06.10.2011

Zurück in Mindelo

Seit ein paar Tagen sind wir nun wieder in Mindelo. Ich kämpfe noch mit dem Ort. Immer noch. Kaum zurück von Santo Antão, bekomme ich prompt wieder Magenkrämpfe und Durchfall. Irgendetwas muss passieren. Und ich merke: Es ist gar nicht der Ort oder das Boot oder das In-der-Fremde-sein - es ist meine eigene Passivität, die mir zu schaffen macht. Ich muss mein Leben in die Hand nehmen. Niemand anderes kann das für mich tun. Hier gibt es keine vorgegebene Struktur, der ich mich anpassen könnte, die mir Sicherheit und Orientierung vermitteln würde. Mein ganzes Leben lang hatte ich mich daran gewöhnt, dass mir irgendwer sagt, wo es lang geht, was ich zu tun habe: Lehrer in der Schule, Studienordnungen an der Uni, Lehrpläne und Stundenpläne in meinen ersten Berufsjahren. Hier aber bin ich auf mich selbst geworfen. Hier gibt es nur das, was ich erschaffe. Und wenn ich nichts erschaffe, gehe ich ein. Also los! Das erste, worum ich mich nun aktiv bemühe, sind Portugiesisch-Stunden. Die Nummer eines Privatlehrers, der für etwa 2 Euro die Stunde Unterricht gibt, liegt seit Wochen hier rum, ich muss nur anrufen. Bisher hatte mich abgehalten, dass ich nicht wusste, wohin mit Kaya in der Zeit. Aber auch dafür findet sich eine Lösung: Bei einem Gang durch die Stadt kommen Michi und ich an einer kleinen Kirche mit Kindergarten vorbei. "Da fragen wir jetzt einfach mal, ob Kaya ab und an hier her kommen kann!", sage ich und ziehe Michi hinter mir her ins Sekretariat.
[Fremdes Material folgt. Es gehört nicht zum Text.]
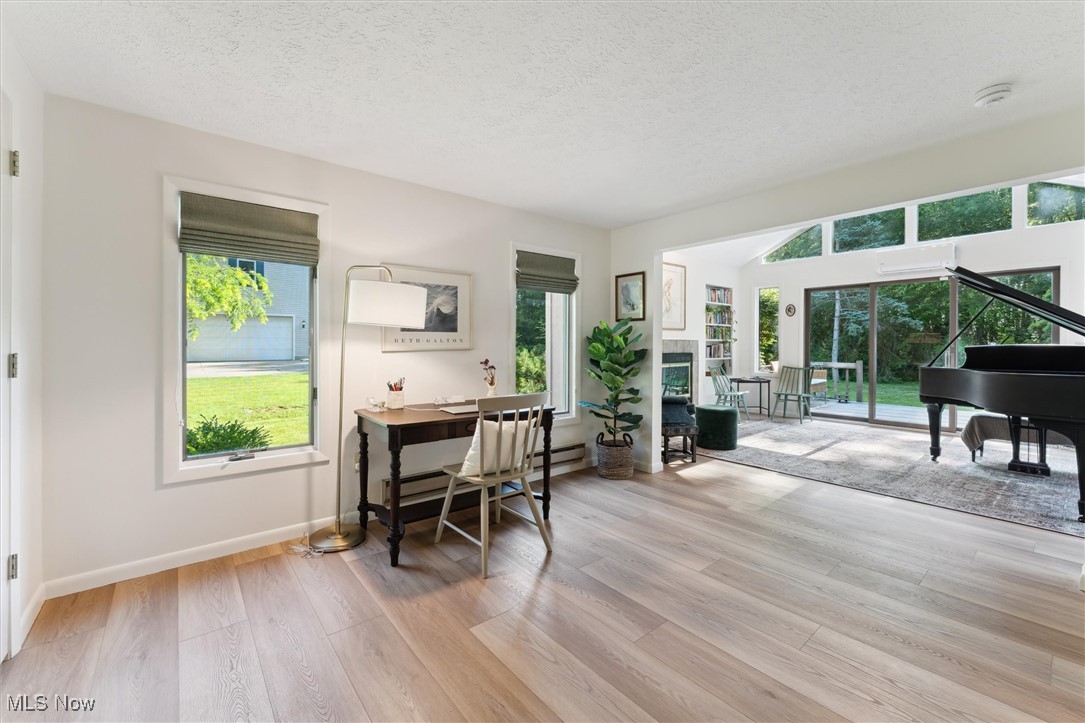 Hollywood Add - Residential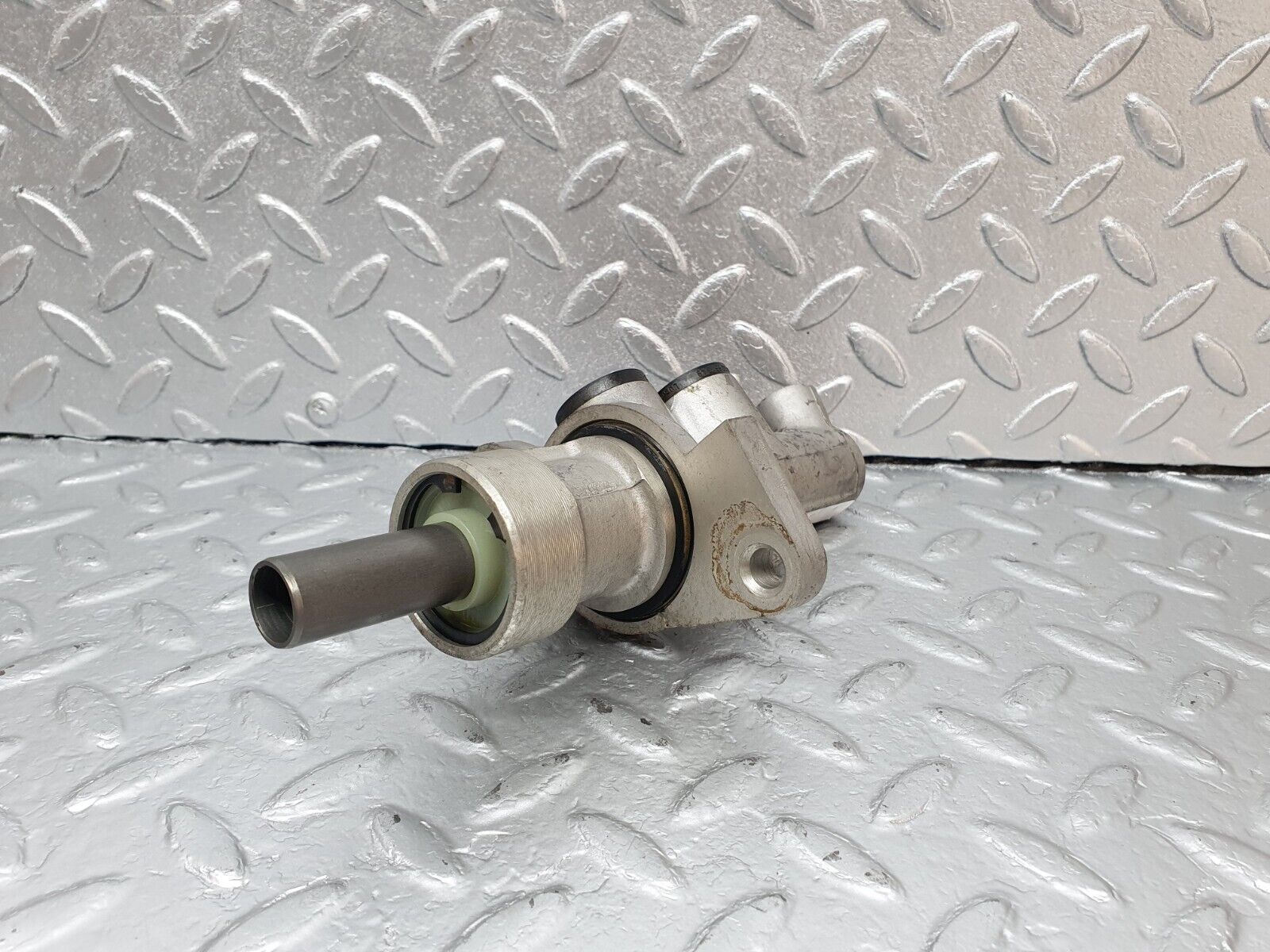 42314 Mercedes-Benz R129 320SL Coupe Brake Master Cylinder Lucas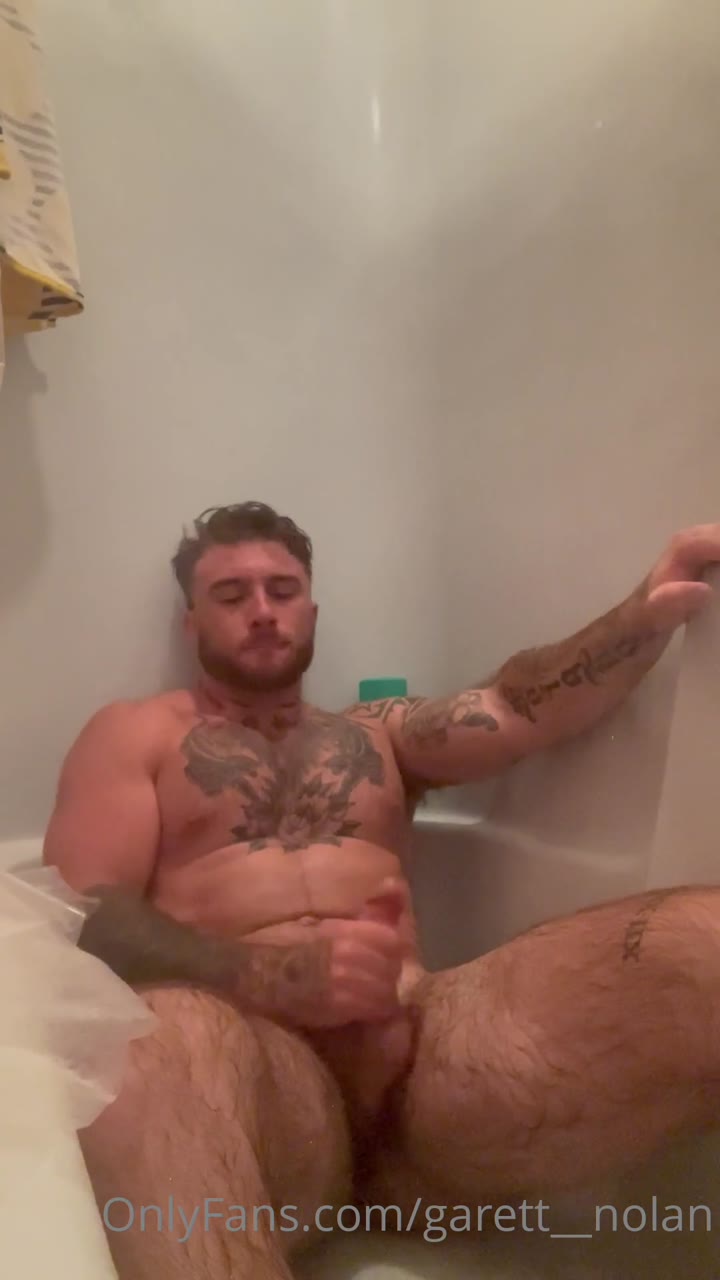 GARRET NOLAN Garett Nolan fuck Sensational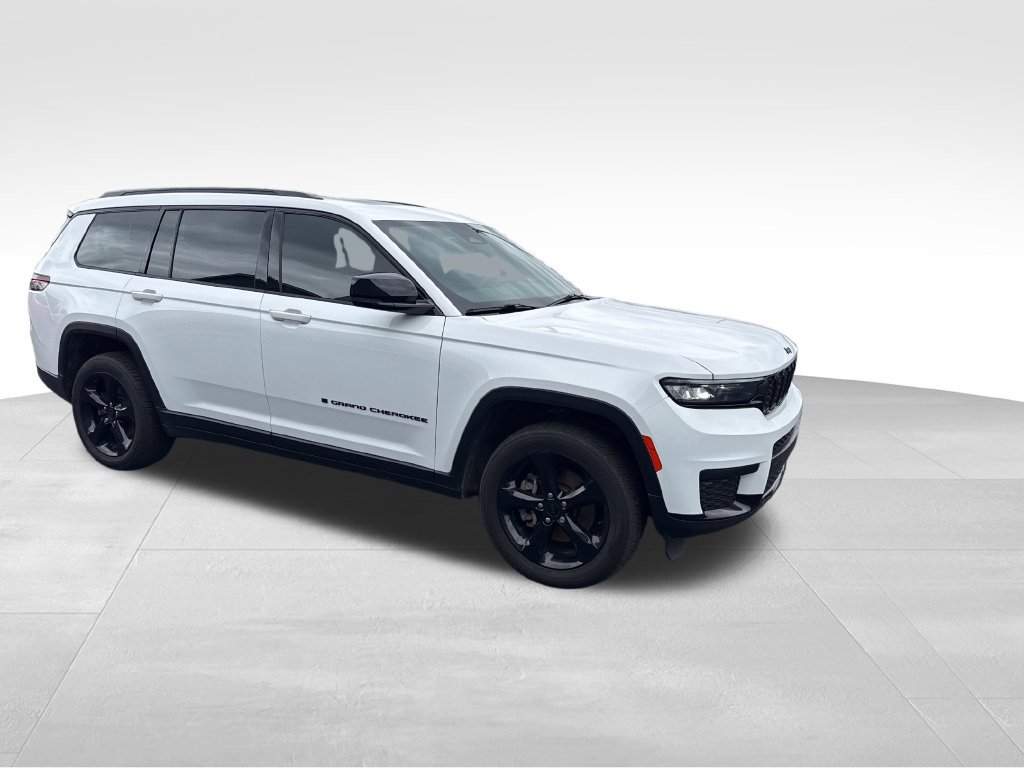 Used 2024 Jeep Grand Cherokee L Altitude AWD/4WD image 8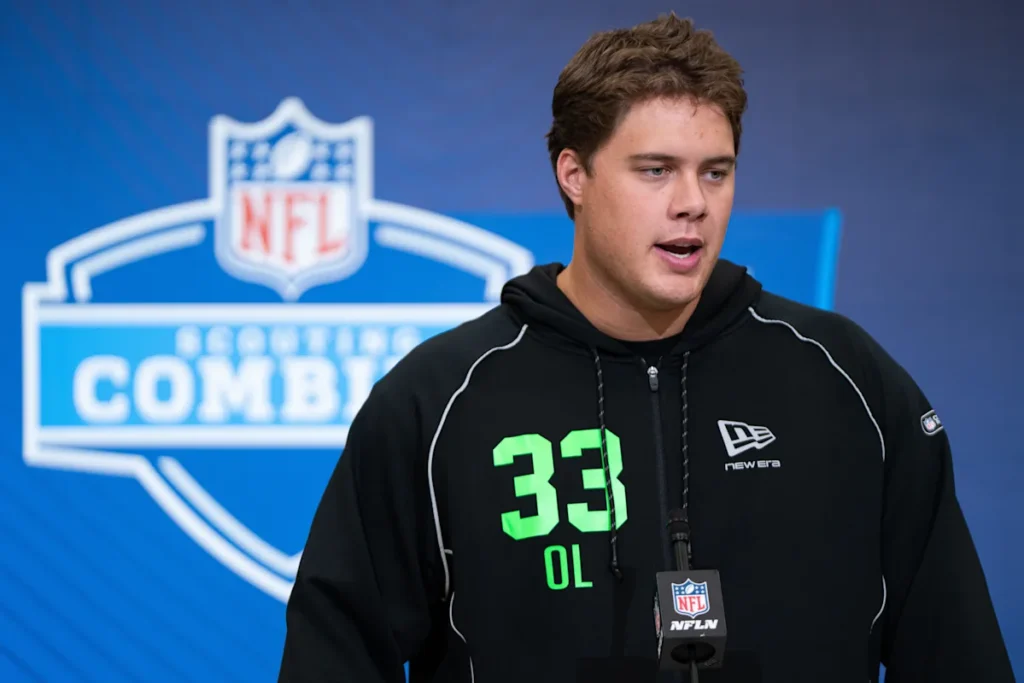 Les 49ers ajoutent l'aide de l'OL et de la DB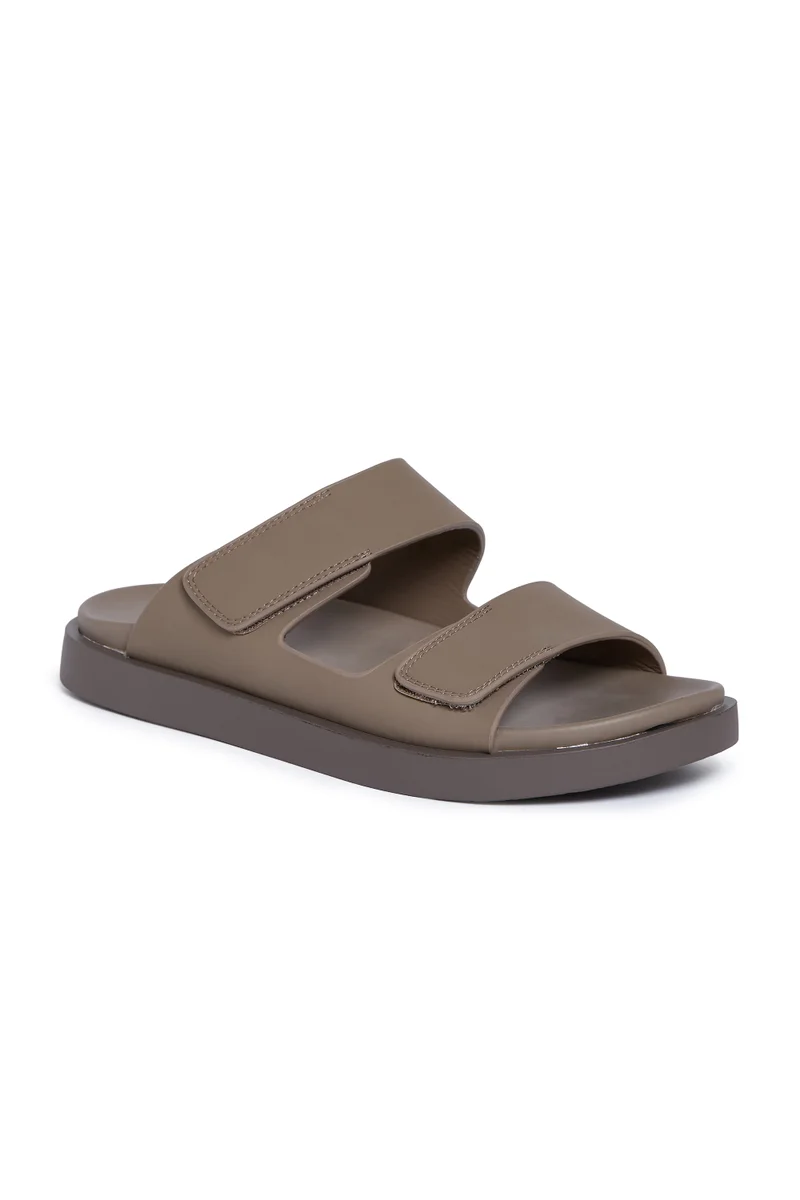 جيومني صنادل جيومني العربية للرجال – صنادل جلدية مريحة ومريحة للارتداء اليومي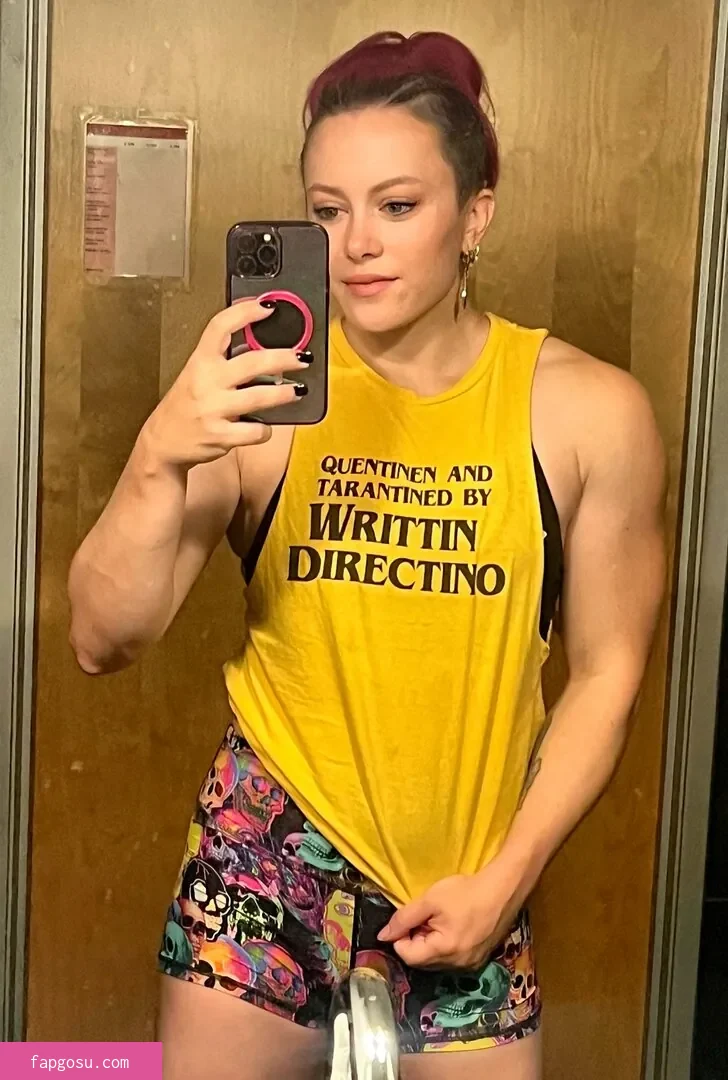 Claire Max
Tatsächlich, kein Problem! Ab morgen könne sie jeden Tag kommen, um 2 Uhr nachmittags kann ich sie abgeben und um 6 wieder holen. Das gibt mir jeden Tag 4 freie Stunden! Yeah!!! Und auch Kinderbetreuung ist hier unglaublich günstig: etwa 7 Euro die Woche.

Schon gleich ist das Leben in Mindelo ein anderes. Ich bringe mein Kind zum Kindergarten, setze mich in ein Café zum Lernen, gehe von 5-6 in meinen Privatunterricht bei Manuel und hole Kaya anschließend wieder ab. Ich fühle mich lebendiger, selbstständiger, freier, aktiver.

Und auch das Sozialleben blüht wieder auf. Petra ist noch da, Julien und Hanane, unsere Freunde aus La Restinga, sind mittlerweile angekommen und ständig lernen wir neue Menschen kennen. Die Saison beginnt, das spürt man.

(Gemeinsames Cachupa-Essen mit allen).